| WHAT IS REQUIRED |
Below are lines of data; restate word for word those running from the line containing "Gedung Perbelanjaan di" to the line containing "6900 NW 74th Place Tamarac FL 33321", inclusive, and no others.

| DATA SHOWN |
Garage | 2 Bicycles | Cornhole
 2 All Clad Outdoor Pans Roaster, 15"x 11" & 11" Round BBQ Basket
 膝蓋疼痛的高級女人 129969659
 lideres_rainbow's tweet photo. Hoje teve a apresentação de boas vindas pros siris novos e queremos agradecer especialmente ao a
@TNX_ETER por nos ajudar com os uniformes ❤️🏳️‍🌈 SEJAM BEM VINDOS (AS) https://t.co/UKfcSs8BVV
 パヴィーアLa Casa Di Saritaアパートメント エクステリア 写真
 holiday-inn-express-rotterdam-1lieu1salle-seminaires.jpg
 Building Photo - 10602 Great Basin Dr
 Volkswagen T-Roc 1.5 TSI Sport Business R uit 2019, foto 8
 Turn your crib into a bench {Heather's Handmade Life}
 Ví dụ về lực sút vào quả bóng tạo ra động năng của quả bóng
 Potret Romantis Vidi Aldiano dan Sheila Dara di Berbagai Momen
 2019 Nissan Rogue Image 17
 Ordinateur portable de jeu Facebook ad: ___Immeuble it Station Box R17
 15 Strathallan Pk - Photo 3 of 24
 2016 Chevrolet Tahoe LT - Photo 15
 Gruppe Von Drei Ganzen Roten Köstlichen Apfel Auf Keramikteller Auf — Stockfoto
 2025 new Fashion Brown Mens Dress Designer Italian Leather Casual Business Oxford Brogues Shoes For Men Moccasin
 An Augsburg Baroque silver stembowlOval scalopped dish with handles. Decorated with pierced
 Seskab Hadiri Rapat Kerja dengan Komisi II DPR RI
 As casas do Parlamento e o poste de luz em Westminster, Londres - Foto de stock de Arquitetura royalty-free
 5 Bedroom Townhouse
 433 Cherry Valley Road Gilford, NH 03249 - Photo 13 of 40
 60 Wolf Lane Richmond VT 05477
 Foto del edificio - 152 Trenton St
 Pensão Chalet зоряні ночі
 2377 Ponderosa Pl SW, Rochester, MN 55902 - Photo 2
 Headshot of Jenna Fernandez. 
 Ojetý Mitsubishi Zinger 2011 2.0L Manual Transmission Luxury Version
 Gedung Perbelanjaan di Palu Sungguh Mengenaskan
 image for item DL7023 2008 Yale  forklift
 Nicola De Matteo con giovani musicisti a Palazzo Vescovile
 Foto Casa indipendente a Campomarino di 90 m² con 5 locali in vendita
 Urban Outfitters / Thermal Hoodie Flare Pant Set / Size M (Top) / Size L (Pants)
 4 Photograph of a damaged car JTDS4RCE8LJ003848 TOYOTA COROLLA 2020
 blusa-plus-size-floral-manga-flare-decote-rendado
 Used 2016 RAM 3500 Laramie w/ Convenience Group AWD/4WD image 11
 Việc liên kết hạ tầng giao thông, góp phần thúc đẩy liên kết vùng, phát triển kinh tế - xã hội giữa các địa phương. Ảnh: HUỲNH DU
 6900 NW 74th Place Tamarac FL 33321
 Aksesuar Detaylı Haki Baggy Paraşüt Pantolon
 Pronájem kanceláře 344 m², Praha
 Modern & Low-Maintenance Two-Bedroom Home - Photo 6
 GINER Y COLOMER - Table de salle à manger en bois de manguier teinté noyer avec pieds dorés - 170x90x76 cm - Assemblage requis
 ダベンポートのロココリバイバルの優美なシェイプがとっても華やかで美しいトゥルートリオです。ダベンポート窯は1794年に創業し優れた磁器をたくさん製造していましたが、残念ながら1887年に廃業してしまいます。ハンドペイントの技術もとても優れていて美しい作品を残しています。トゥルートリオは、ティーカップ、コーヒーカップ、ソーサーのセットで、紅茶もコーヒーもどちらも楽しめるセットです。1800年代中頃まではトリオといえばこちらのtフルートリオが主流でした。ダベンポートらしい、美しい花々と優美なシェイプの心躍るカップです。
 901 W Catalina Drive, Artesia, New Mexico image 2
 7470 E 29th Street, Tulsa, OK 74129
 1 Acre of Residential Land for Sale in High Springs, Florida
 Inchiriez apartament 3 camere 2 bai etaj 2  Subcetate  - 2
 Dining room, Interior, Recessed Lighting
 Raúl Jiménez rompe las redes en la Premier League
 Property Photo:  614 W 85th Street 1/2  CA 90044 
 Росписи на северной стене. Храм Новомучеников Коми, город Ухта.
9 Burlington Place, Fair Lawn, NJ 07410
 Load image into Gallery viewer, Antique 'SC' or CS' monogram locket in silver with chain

| RESULT FOR THIS TASK |
 Gedung Perbelanjaan di Palu Sungguh Mengenaskan
 image for item DL7023 2008 Yale  forklift
 Nicola De Matteo con giovani musicisti a Palazzo Vescovile
 Foto Casa indipendente a Campomarino di 90 m² con 5 locali in vendita
 Urban Outfitters / Thermal Hoodie Flare Pant Set / Size M (Top) / Size L (Pants)
 4 Photograph of a damaged car JTDS4RCE8LJ003848 TOYOTA COROLLA 2020
 blusa-plus-size-floral-manga-flare-decote-rendado
 Used 2016 RAM 3500 Laramie w/ Convenience Group AWD/4WD image 11
 Việc liên kết hạ tầng giao thông, góp phần thúc đẩy liên kết vùng, phát triển kinh tế - xã hội giữa các địa phương. Ảnh: HUỲNH DU
 6900 NW 74th Place Tamarac FL 33321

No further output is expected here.